Intergal? work done by a non constant force

[Chuck 86]

Homework Statement

A force F = (4.38 x i + 2.84 y j) N acts on an object as it moves in the x direction from the origin to x = 5.52 m. Calculate the work done on the object by the force.

Homework Equations

intergal of F from 0 to 5.52m

The Attempt at a Solution

not sure if I am suppose to intergrate, or what I am supposed to do to start the process

 

[Donaldos]

$$W=\int\limits_{x=0}^{x=5.52}\vec{F}.{\rm d}\vec{x}$$

where $$\vec{x}=x\vec{i}$$ is the position vector.

 

[Chuck 86]

ok so u intergrate the sum of X and Y right?

 

[Gear300]

Not exactly. By the looks of the problem, the object only moved in the x direction. So there is no net work in the y-direction.
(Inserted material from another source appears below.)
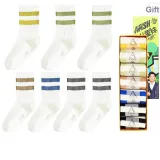 Pre-School Thigh-High Socks 7 Pack Gift Box Set (06-09 Years Old/Color Block)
You only integrate the x-component.

 

[Chuck 86]

So then it would be the intergal of 4x?

 

[Donaldos]

Yes.

$${\rm d}\vec{x}={\rm d}x \vec{i}$$

so

$$\vec{F}.{\rm d}\vec{x}=\left(4.38x \vec{i}+2.84y \vec{j}\right). \vec{i} {\rm d}x=4.38x{\rm d}x$$

$$W=\int\limits_0^{5.52} 4.38x{\rm d}x$$